Particular attention was paid to mutually beneficial joint projects in energy, industry and other areas, and a shared interest in continuing to strengthen all areas of the Russian-Cuban strategic partnership was expressed.
November meeting: Díaz-Canel met with Putin in Moscow on November 22 to discuss developments in political, economic and cultural partnerships, “as well as to exchange views on key topics on the international agenda,” according to the Kremlin.
- Díaz-Canel was also there to attend the unveiling of a monument dedicated to the late Cuban Communist leader Fidel Castro.
A thorn in America’s side: The Russo-Cuban relationship brings some benefits to both sides. But it is mainly a means for Russia to maintain influence near some of the United States’ most vulnerable shipping lanes.
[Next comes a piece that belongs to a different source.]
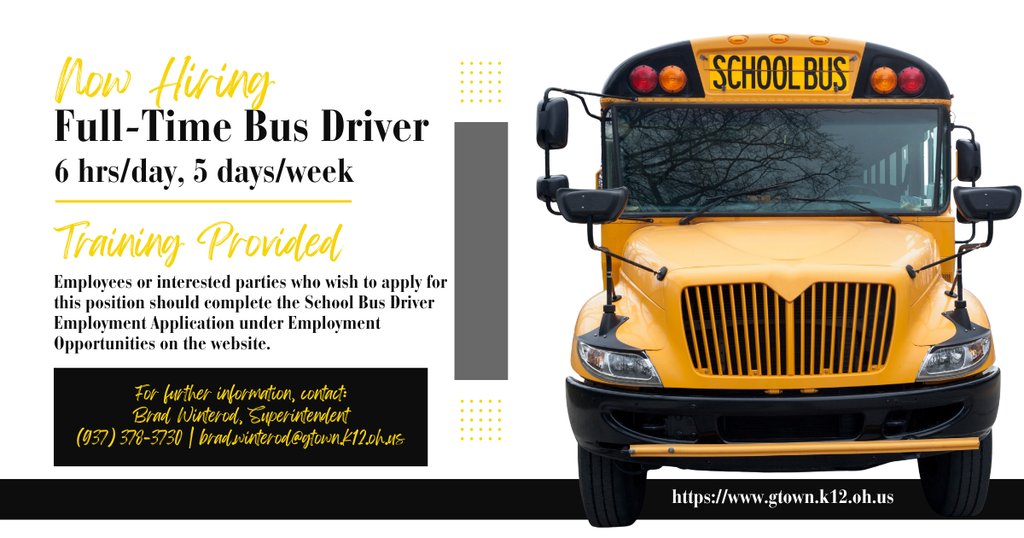 GEVSD's tweet photo. Be the first friendly face our students see every morning! Stop by our website to fill out an application and help us keep the wheels on the bus going 'round and 'round! #IgniteInspireInstill https://t.co/g7WqYCv00S https://t.co/vssFZ0d0ZX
Russia has been fixated on Cuba for decades. For Moscow, Cuba was the key to Latin America and, as important, a perpetual irritant to the United States. Today, the United States is supporting Ukraine, overseeing blockades on dollars and goods, holding a force on standby in the Mediterranean Sea. Russia desperately needs a counter.
—George Friedman, political analyst
The Trumpet said: Russia understands how vulnerable America’s Gulf trade is and would like nothing more than to cut off America’s economic ties to the rest of the world. We wrote in the March 2019 Trumpet:
The United States is being threatened by hostile nations taking over the Caribbean Sea. Major news sources pay little attention to this region, but the Caribbean is vital to U.S. security. This sea not only connects the East Coast with the Pacific Ocean via the Panama Canal, it guards the mouth of the Gulf of Mexico. Half of America’s seaborne trade passes through the Gulf. So a foreign power that controls the Caribbean could cripple the U.S. economy by restricting its access to oceanic shipping.